→ Task brief: Repeat the span of the entries below that starts at the line with "Lexus CT 200H Brake fluid reservoir" and ends at the line with "1955 Oldsmobile 98 Starfire", nothing more. Skip the pictures.

→ Material supplied:
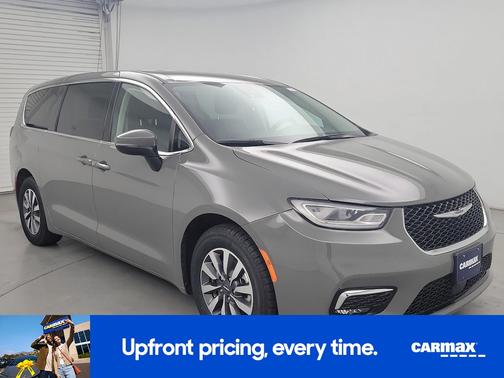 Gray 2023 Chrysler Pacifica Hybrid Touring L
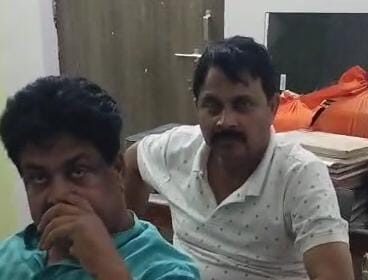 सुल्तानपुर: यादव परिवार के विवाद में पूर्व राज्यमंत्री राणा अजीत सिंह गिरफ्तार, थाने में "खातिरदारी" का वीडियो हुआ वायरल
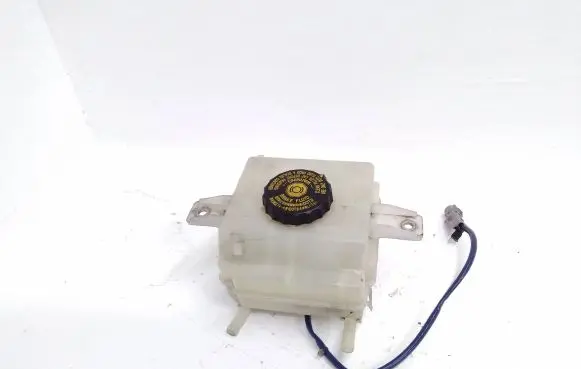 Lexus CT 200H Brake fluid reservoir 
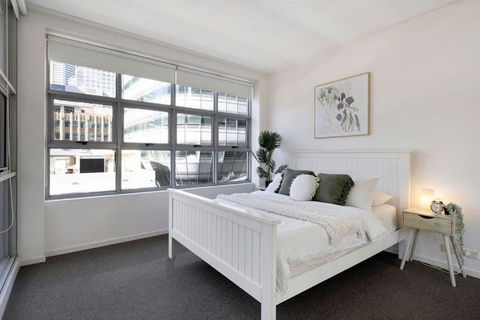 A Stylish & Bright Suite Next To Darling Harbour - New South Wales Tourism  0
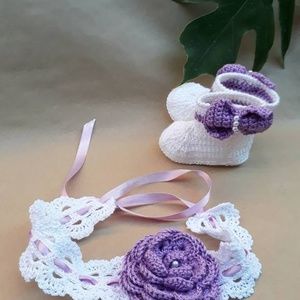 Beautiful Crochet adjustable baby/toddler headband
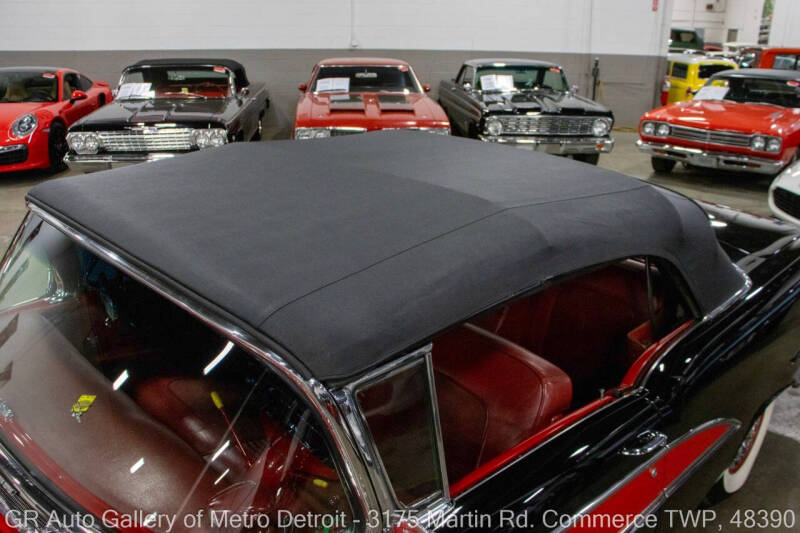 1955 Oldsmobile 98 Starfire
* * *
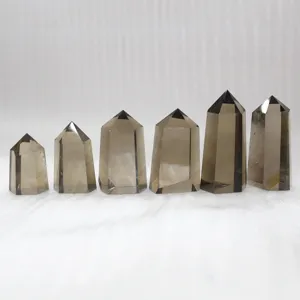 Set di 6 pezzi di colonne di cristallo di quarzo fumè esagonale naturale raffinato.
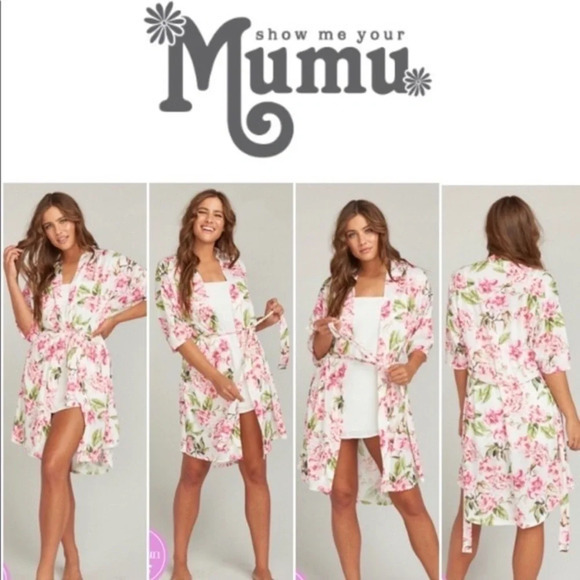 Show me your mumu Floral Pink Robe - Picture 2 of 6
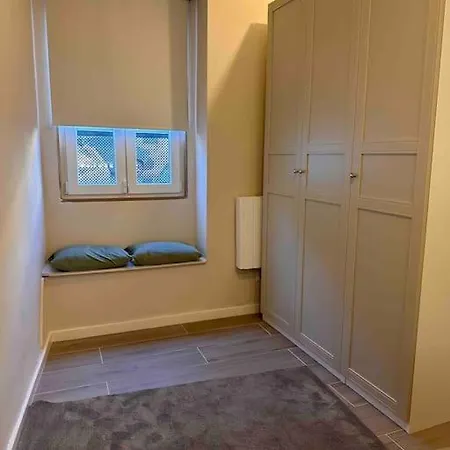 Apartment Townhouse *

→ Solution for this task:
 Lexus CT 200H Brake fluid reservoir 
 A Stylish & Bright Suite Next To Darling Harbour - New South Wales Tourism  0
 Beautiful Crochet adjustable baby/toddler headband
 1955 Oldsmobile 98 Starfire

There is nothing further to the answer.